The Garden School Tattler

There has been some discussion about the long field trip and behavior and some suggestions concerning some children going and staying at the school in the comments section at the bottom of some of the blog stories.

Here are some things to consider:

The educational plan of the school not only includes but focuses on field trips. Rarely if ever have we taken a “non educational” field trip. In other words, they are a part of our curriculum. These trips help to educate our children by an extra means. Children are fully immersed in going and doing. Sometimes what the non observant parent doesn’t see is how much children actually learn from going and doing.

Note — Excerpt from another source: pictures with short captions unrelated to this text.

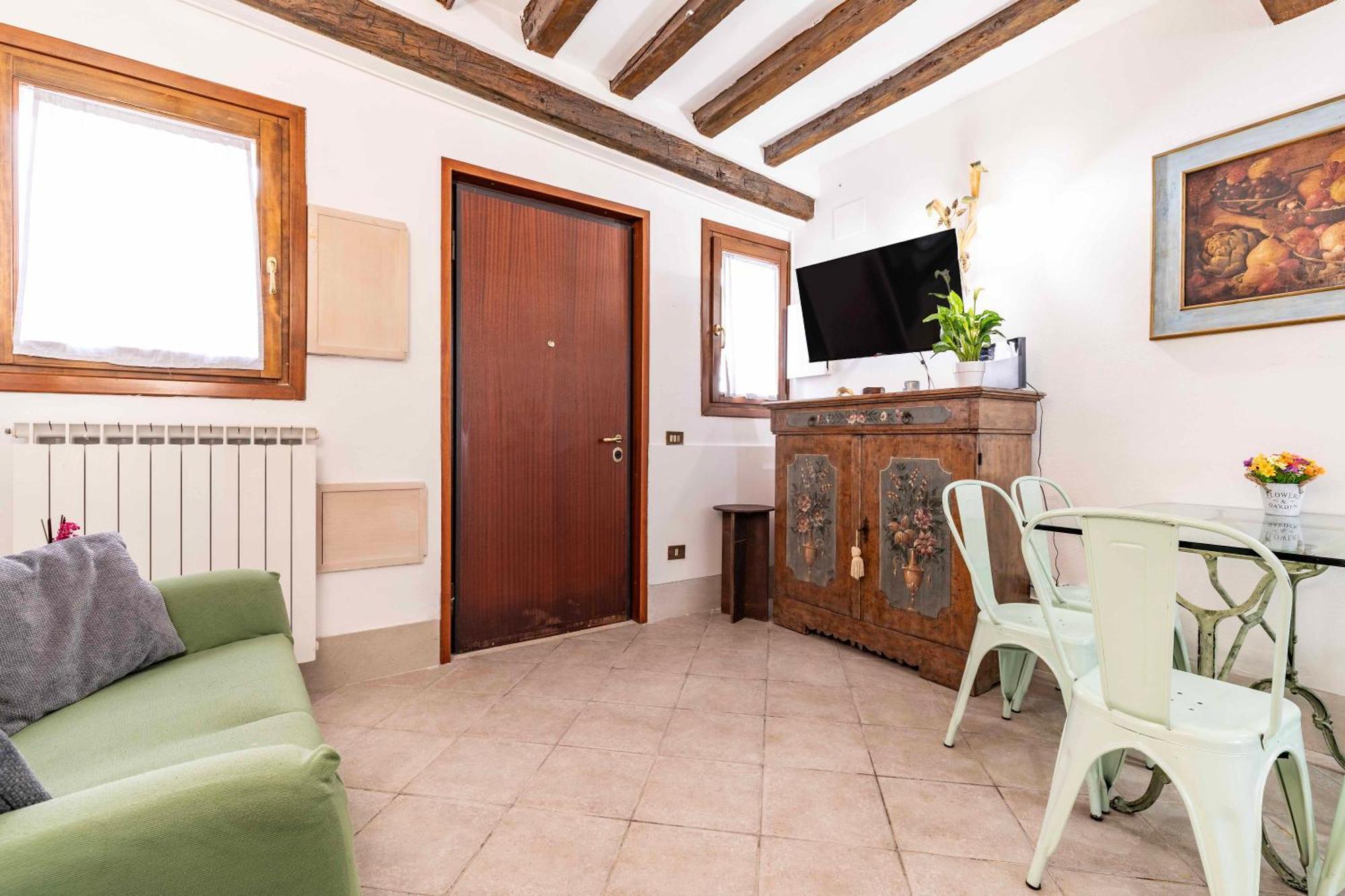 Ferienwohnung Ca'Micaela Near Biennale Venedig Exterior foto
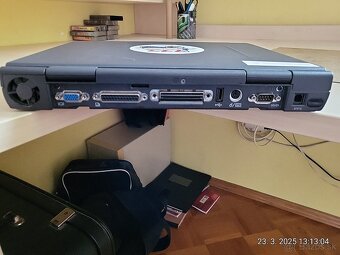 Dell latitude PPX - 2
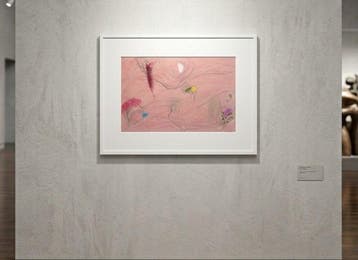 Marc Chagall (1887-1995) - Angel in Pink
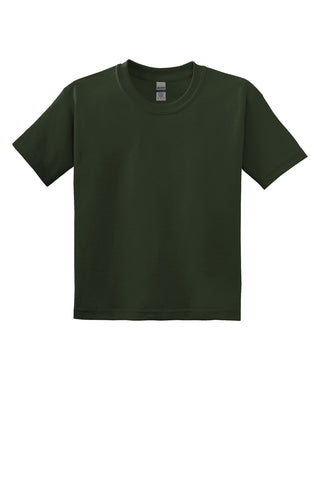 Gildan Youth DryBlend 50 Cotton/50 Poly T-Shirt (Forest Green)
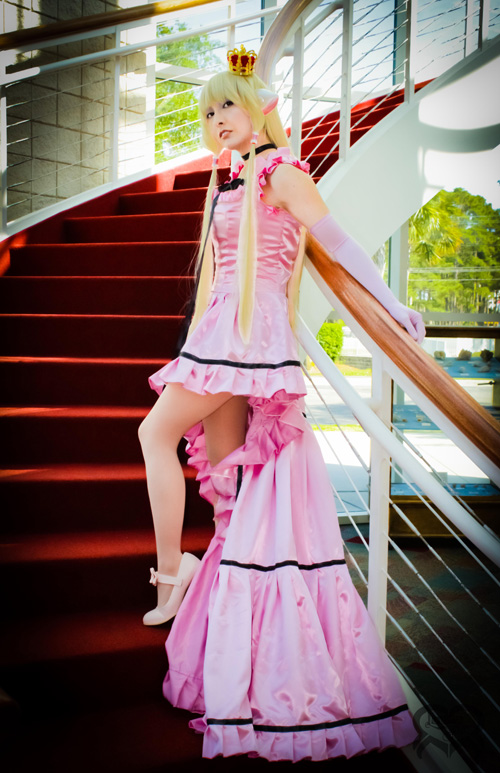 Chii from Chobits Cosplay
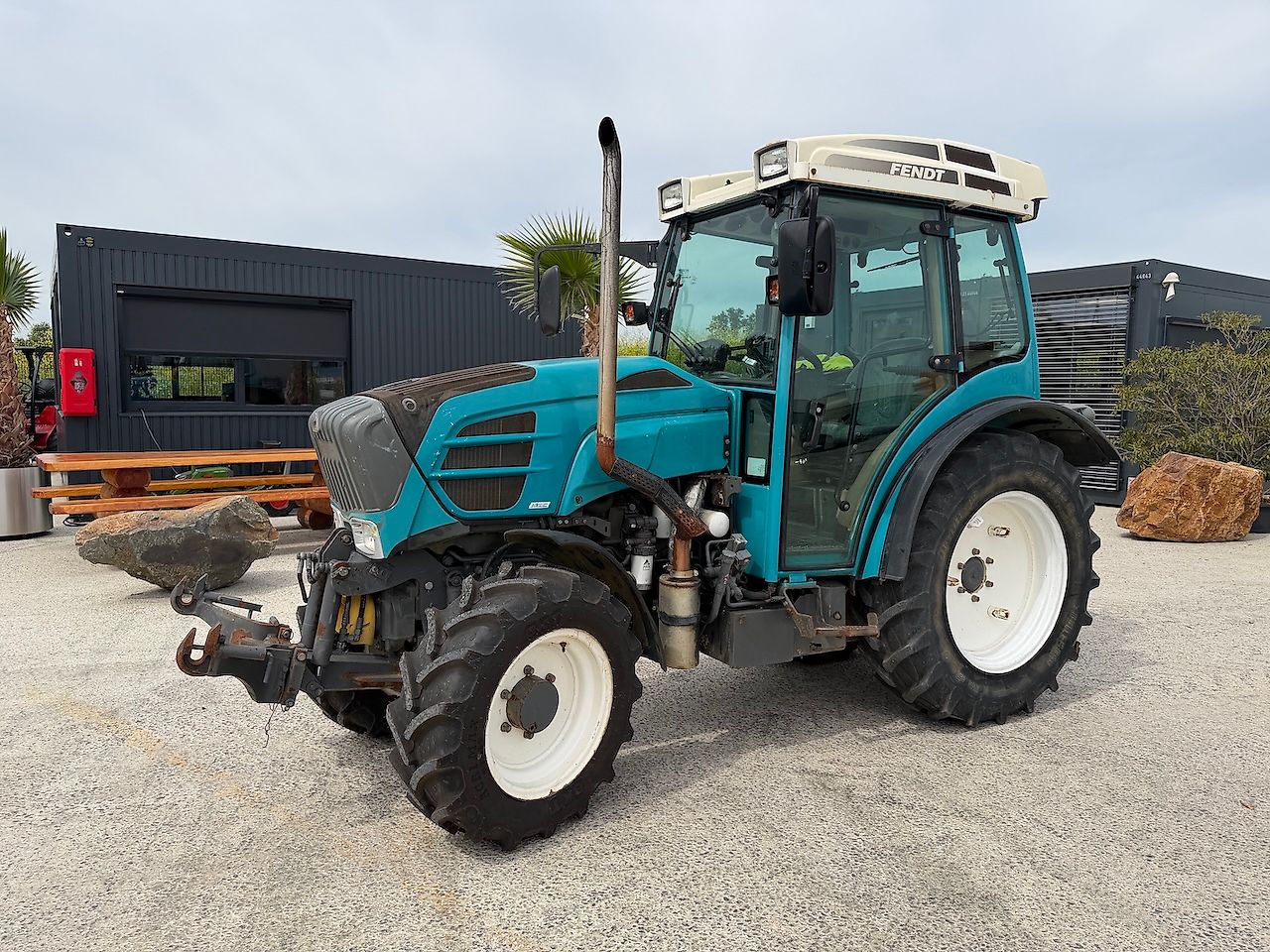 Tracteur Fendt 209F Vario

In addition to field trips are student activities like the Thanksgiving play, the St. Patrick’s Day play, the parties, the visit from Santa, Halloween, The Valentine’s Day Dance, Spring Sing and the Awards Day activities.

Over the years, many parents have not been interested in these activities and have either not attended or they have kept their child home. When a parent neglects to come to one of these events, a child is crestfallen. Often parents don’t see that either because “work” is the focus of some parents’ life, and in dialogue we hear this.

The Garden School bends over backwards in planning school activities, scheduling field trips in advance, posting as much information as often as we can. We send out letters, post on the blog, and notify parents by word about upcoming events as regularly as we can. We are always genuinely sorry about oversights and misprints, and they do happen.

At the same time, we are always delighted to welcome parents who want to come along on our field trips so they can enjoy the adventure with their child. There is never a charge.

But to take it one more step – splitting our curriculum – having an alternative activity because of a few children says two things: we are not sure about what we are doing, and what we are doing is not really important.

That’s not how the Garden School is set up.

We are a very small place because we want to know each child as a separate individual person at the primary learning time in their life. Teaching children to swim, being there as they fall down, bolstering up bad days, teaching a concept like addition, geography or science allows a kind of individual knowledge of another person that can’t be made with a larger and impersonal agenda. At the same time, we can go on long trips and do exciting things other places can’t because we do know each and every child.

Three children did not attend our major field trip this year. The actual reasons were: violence toward another child, chronic hysterical performances through the week, and a general refusal to cooperate with any single request. Now the idea of taking these children across two state lines three hours from home is called negligence.

Is this a surprise to parents of desperately poorly behaved children? If a parent does not know his child is in serious daily error, there is a root problem that does not need to be challenged three states away. Every day a child’s behavior is posted. Rarely do some parents even look.

During the year we have what we call the “breaking point.” When a child misbehaves to the point where he is violent toward others, hysterical and unapproachable, and generally refuses to cooperate on any level, we send him home. We put him back into the control of the parent – where he should be. Parents are the primary educators of their children. When chronic bad behavior is not curbed by the parent, teachers have no choice but to send a child home.

This is actually a relief to the exceptional 95% of the students. We can take our 95% anywhere to do anything and it’s a tribute to them, to their choices of behavior and to their parents who teach them at home how to enter the world. Good children will always have to wait for the others. It’s a fact of life, and one they will encounter all the way through school.

As far as a regular school day goes on field trip and party days, the Garden School does not offer a regular school day as part of its curriculum. Every good parent should have a back up situation for ill days, for school holidays and for days when a child can’t go to school – like oral surgery days and sleep deprived days. School is a place to learn; it is not a place to be punished.

As far as teachers go, our staff treasures our out of school learning days. To punish two staff members to stay with poorly behaved children is the kind of thing that causes teacher turnover.

Behavior begins in the home. If a child does not know how to behave, that’s where he should return to learn it. If he needs to return there on field trip days, that’s probably not a bad plan.